__WHAT IS BEING ASKED__.
Print the listing below only from the line that has "2 puzzels Ravensburger" through the line that has "Women's knitted pullover", exactly, and drop any picture.

__EXTRACTED INFORMATION__.

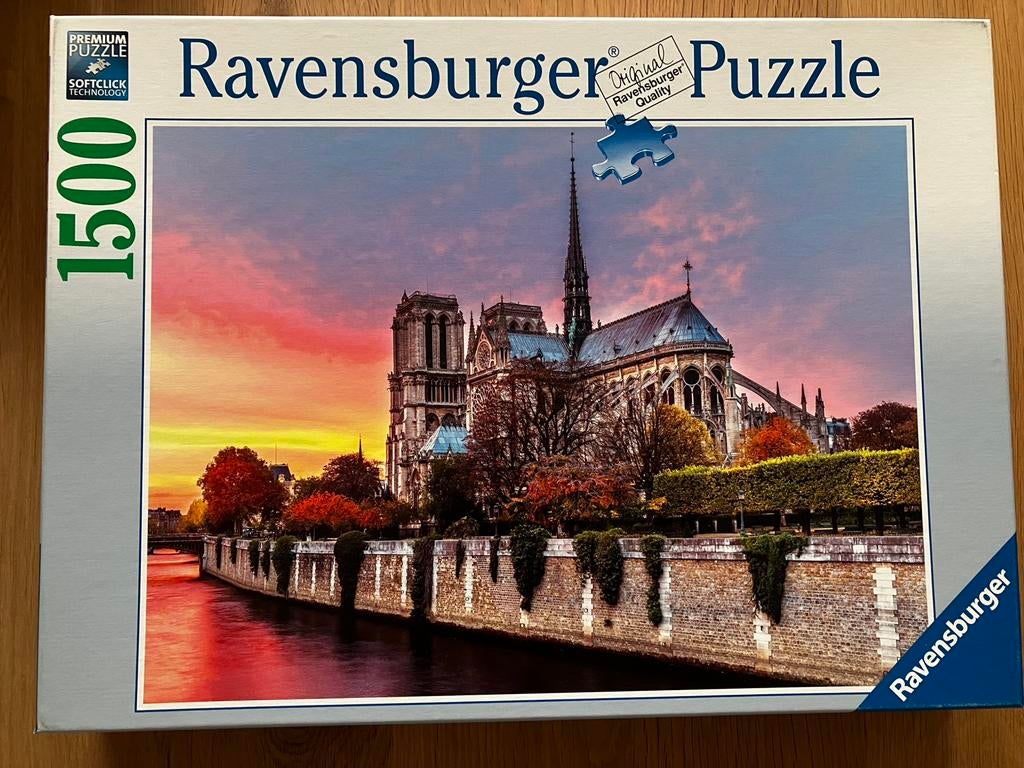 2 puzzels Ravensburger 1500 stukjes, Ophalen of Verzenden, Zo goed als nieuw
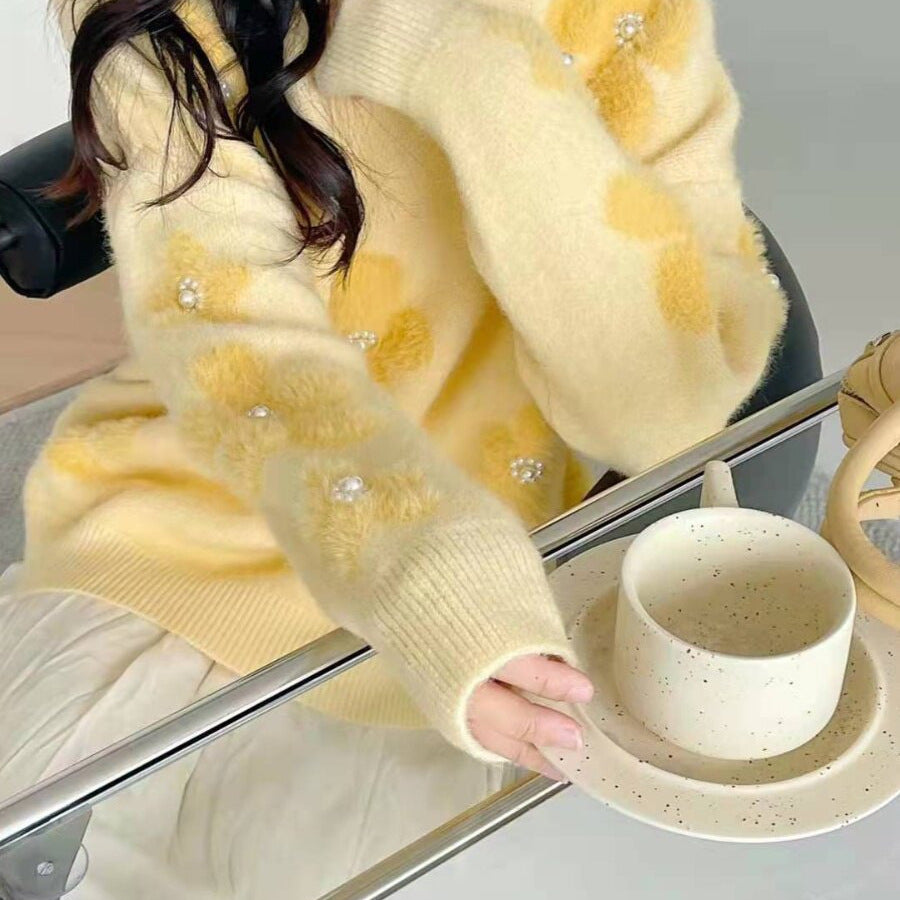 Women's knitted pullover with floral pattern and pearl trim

--

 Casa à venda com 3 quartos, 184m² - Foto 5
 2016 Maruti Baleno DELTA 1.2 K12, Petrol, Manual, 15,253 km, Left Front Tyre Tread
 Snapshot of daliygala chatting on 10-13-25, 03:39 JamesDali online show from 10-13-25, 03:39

__WRITTEN REPLY__.
 2 puzzels Ravensburger 1500 stukjes, Ophalen of Verzenden, Zo goed als nieuw
 Women's knitted pullover with floral pattern and pearl trim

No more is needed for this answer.